═════ Entries supplied
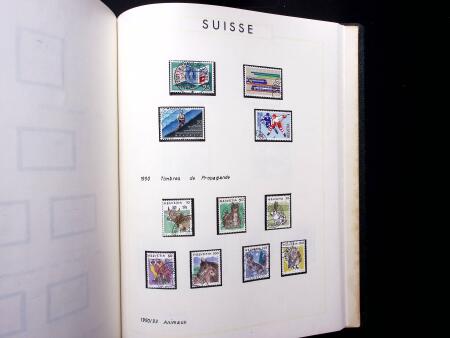 1850-1970, Kl. Nachlass in 7 Steckbüchern und zwei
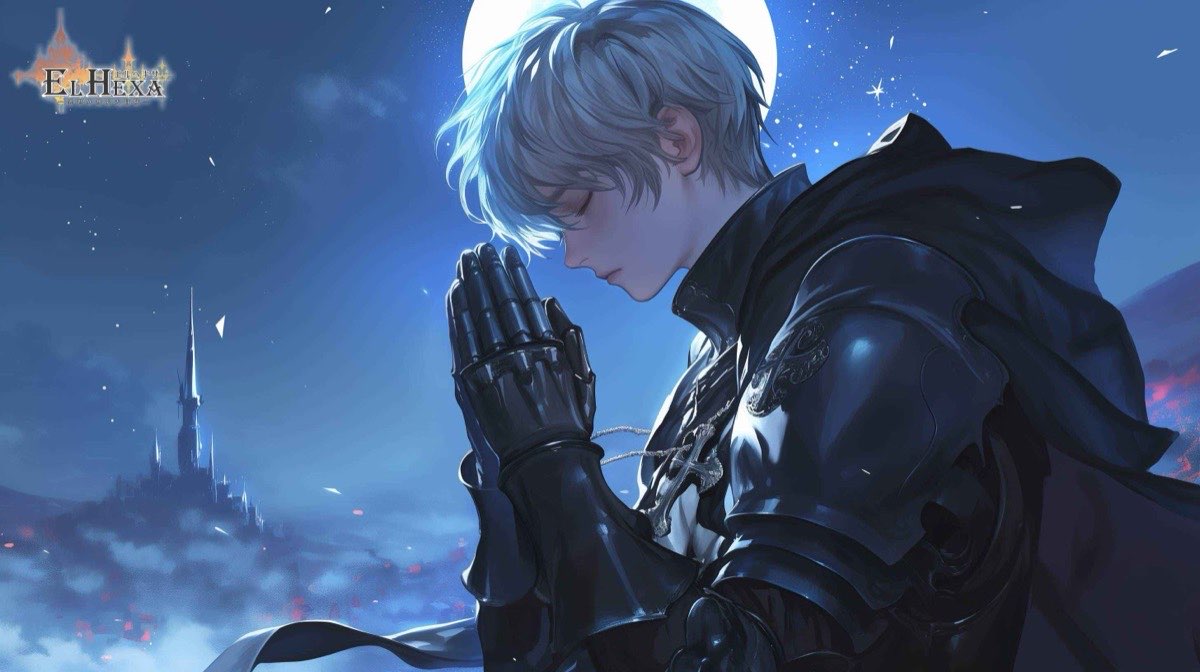 With wisdom, strength, and talent bright, Knight of the Silver Flame wins the fight. Defeats the Barren, shadows flee, ELHEXA saved, triumphant, free.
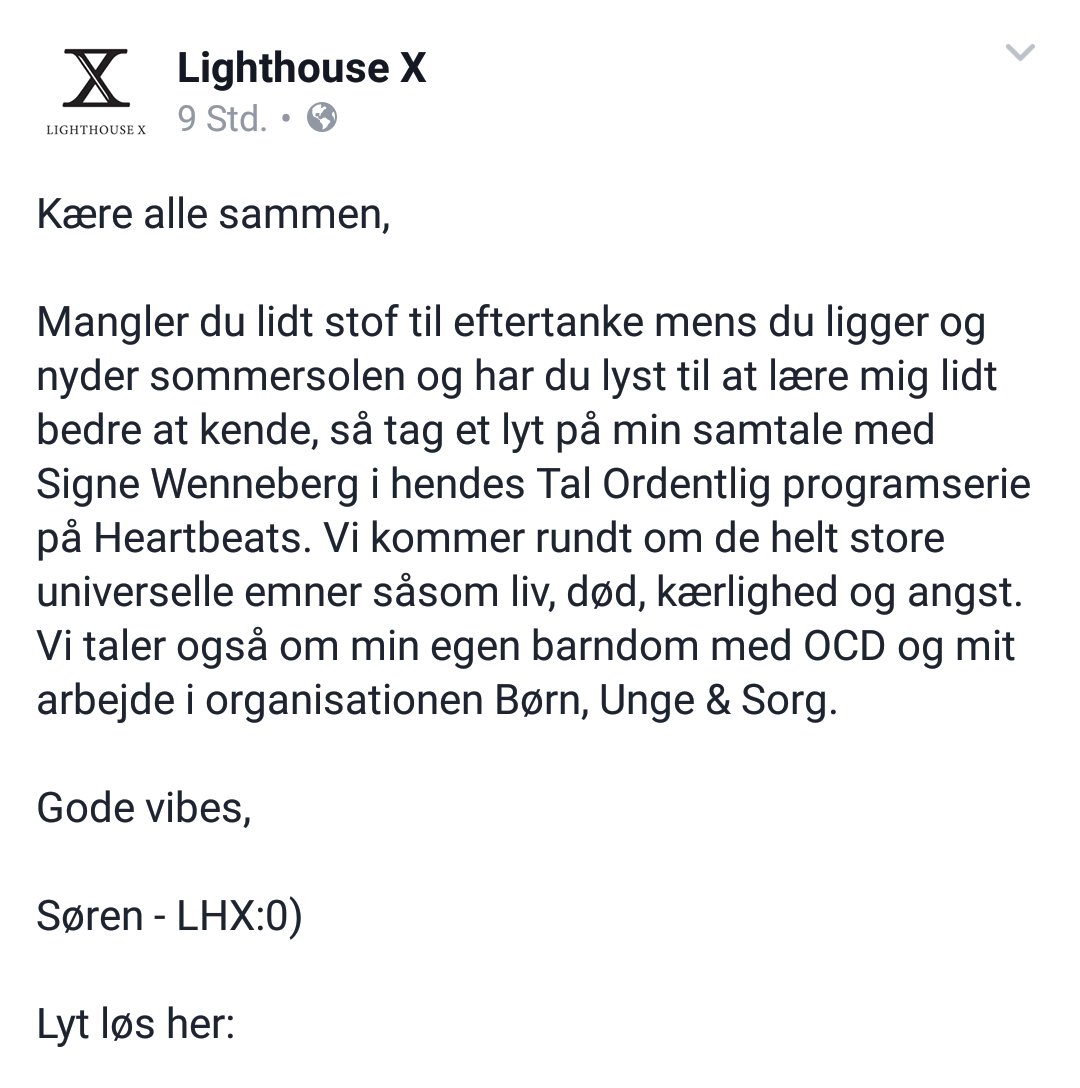 Lighthouse_X's tweet photo. Thanks for all Supporter and Fans 💪 https://t.co/YQ90keVCn5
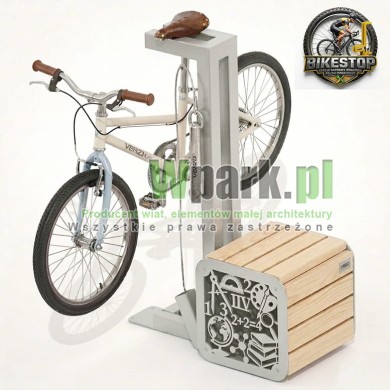 Stacja naprawy rowerów BikeStop linia MODE 02 SZKOLNY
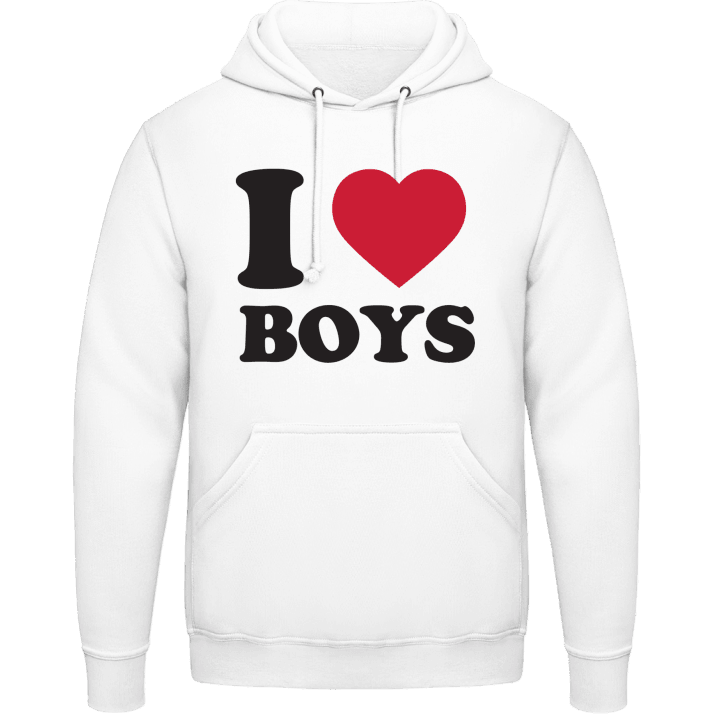 I Heart Boys Hoodie contain pic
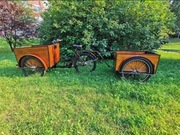 Rower Elektryczny Cargo z Przyczepą 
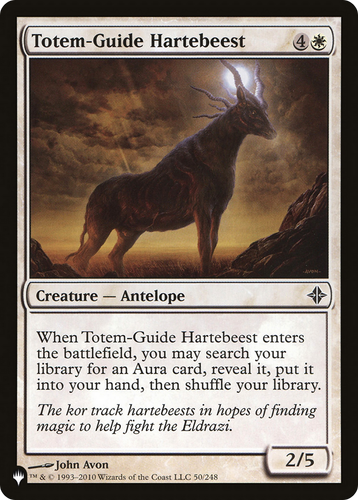 Totem-Guide Hartebeest (LIST-50/248) - The List、Wizards of the Coast、kayou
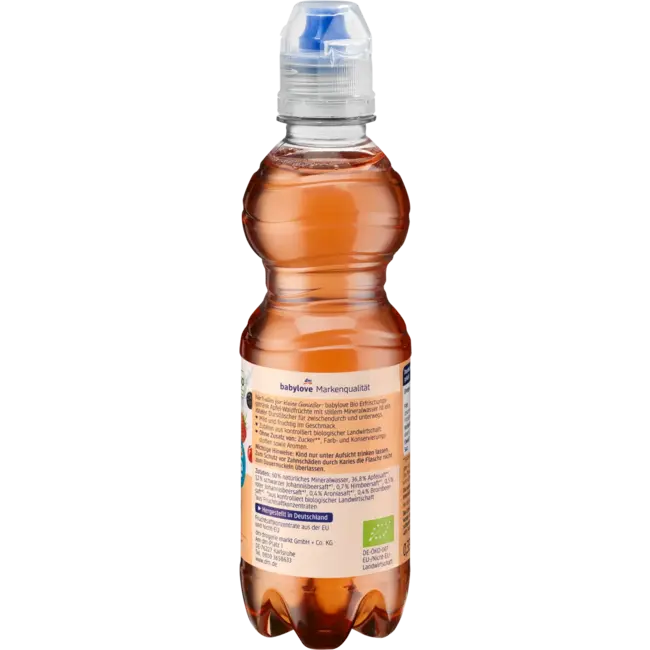 babylove Sap & Water Appelbosvruchten 330 ml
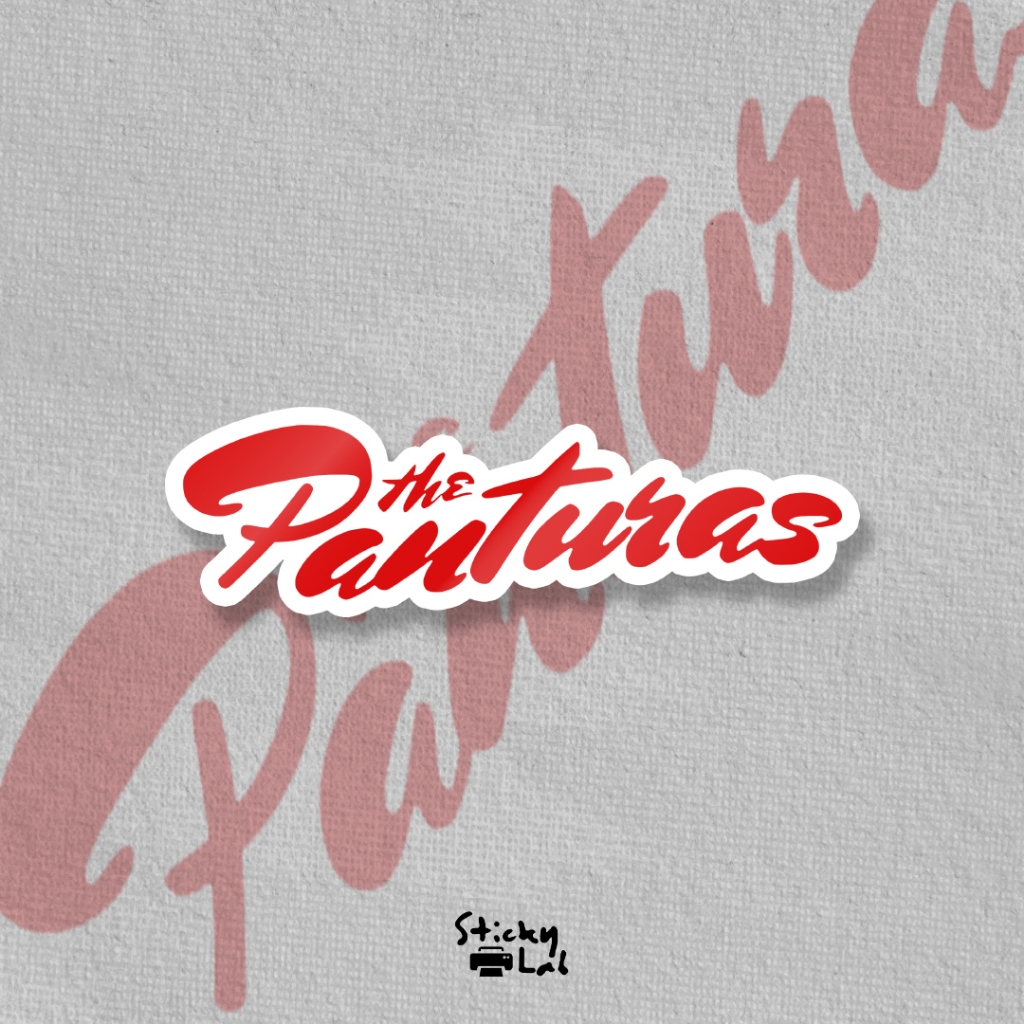 Sticker The Panturas - Vinyl Glossy Aesthetic Sticker Helm Tumbler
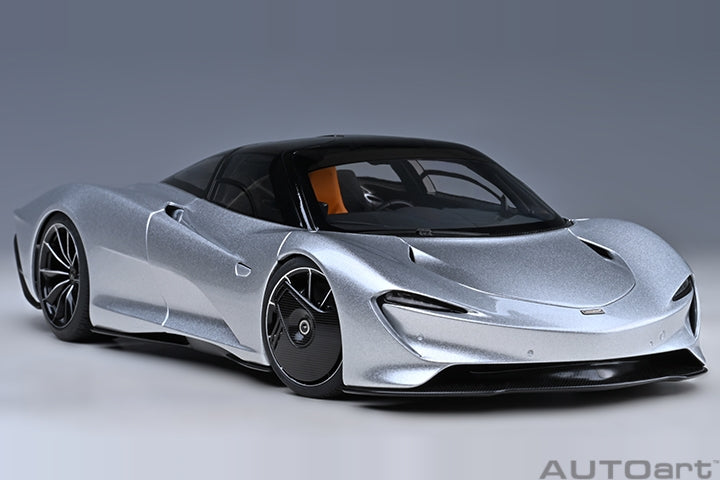 AUTOart Mclaren Speedtail Supernova Silver 1:18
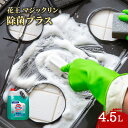 【スーパーSALE P2倍】花王 マジックリン 除菌プラス 4.5L 1本 業務用 大容量 業務用食品 お買得 お得 大サイズ プロ用 プロ仕様 Get Market 月兎ソース ゲットマーケット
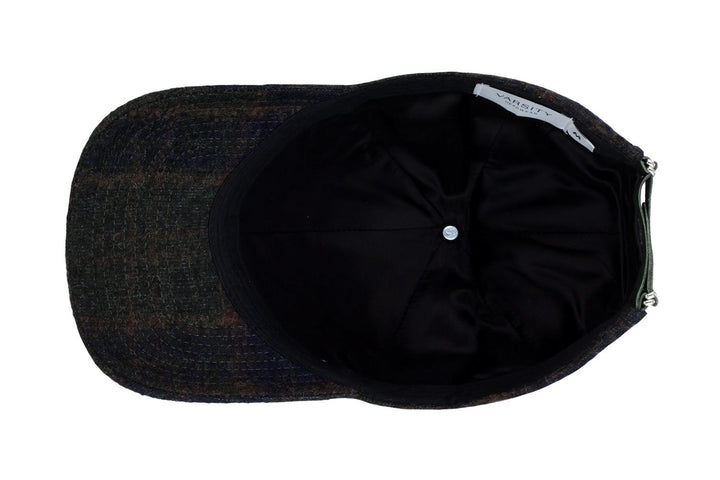 VARSITY HEADWEAR Alpaca Cap Green Check - Dale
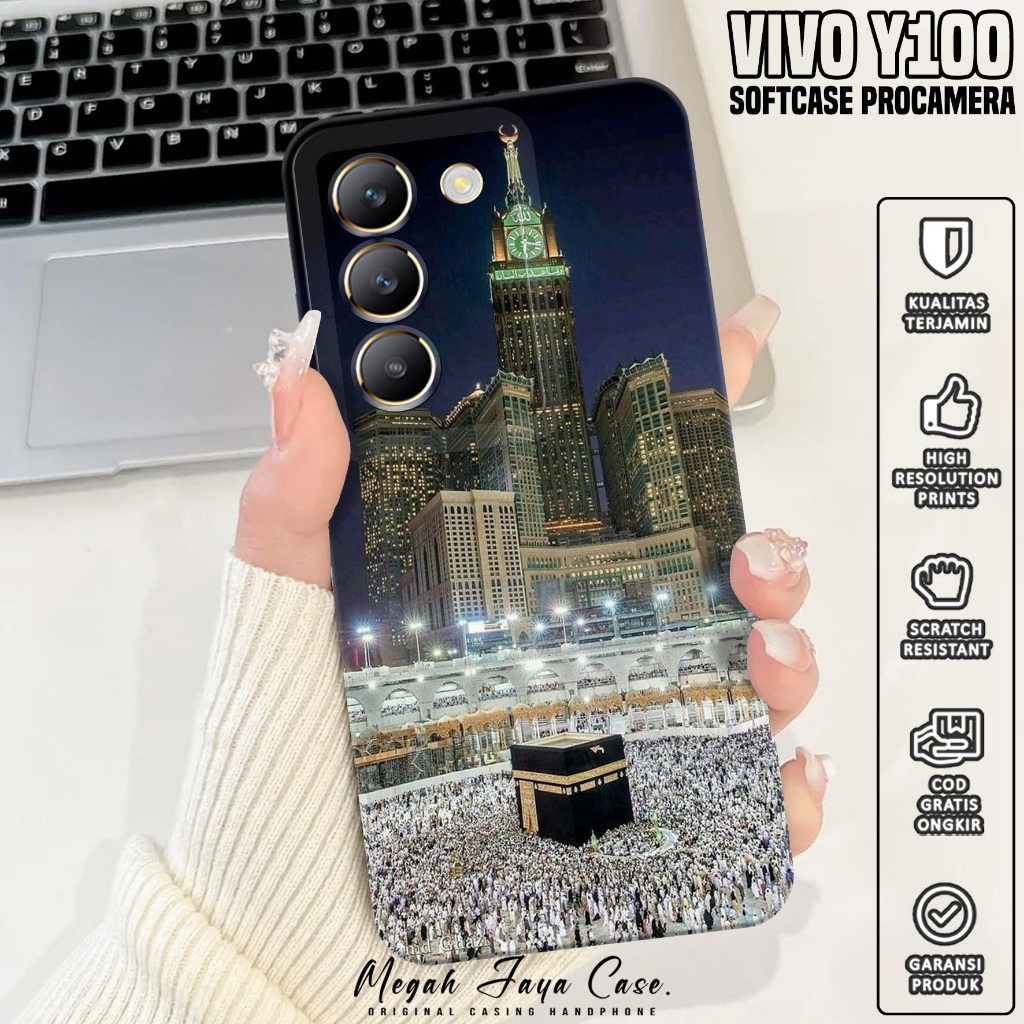 Softcase Hp VIVO Y100 - Case Hp VIVO Y100 Motif ISLMC - Silikon Hp VIVO Y100 - Softcase Pro Camera -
══════════
From the entries above, write out every line without a single change, skipping the images.

 1850-1970, Kl. Nachlass in 7 Steckbüchern und zwei
 With wisdom, strength, and talent bright, Knight of the Silver Flame wins the fight. Defeats the Barren, shadows flee, ELHEXA saved, triumphant, free.
 Lighthouse_X's tweet photo. Thanks for all Supporter and Fans 💪 https://t.co/YQ90keVCn5
 Stacja naprawy rowerów BikeStop linia MODE 02 SZKOLNY
 I Heart Boys Hoodie contain pic
 Rower Elektryczny Cargo z Przyczepą 
 Totem-Guide Hartebeest (LIST-50/248) - The List、Wizards of the Coast、kayou
 babylove Sap & Water Appelbosvruchten 330 ml
 Sticker The Panturas - Vinyl Glossy Aesthetic Sticker Helm Tumbler
 AUTOart Mclaren Speedtail Supernova Silver 1:18
 【スーパーSALE P2倍】花王 マジックリン 除菌プラス 4.5L 1本 業務用 大容量 業務用食品 お買得 お得 大サイズ プロ用 プロ仕様 Get Market 月兎ソース ゲットマーケット
 VARSITY HEADWEAR Alpaca Cap Green Check - Dale
 Softcase Hp VIVO Y100 - Case Hp VIVO Y100 Motif ISLMC - Silikon Hp VIVO Y100 - Softcase Pro Camera -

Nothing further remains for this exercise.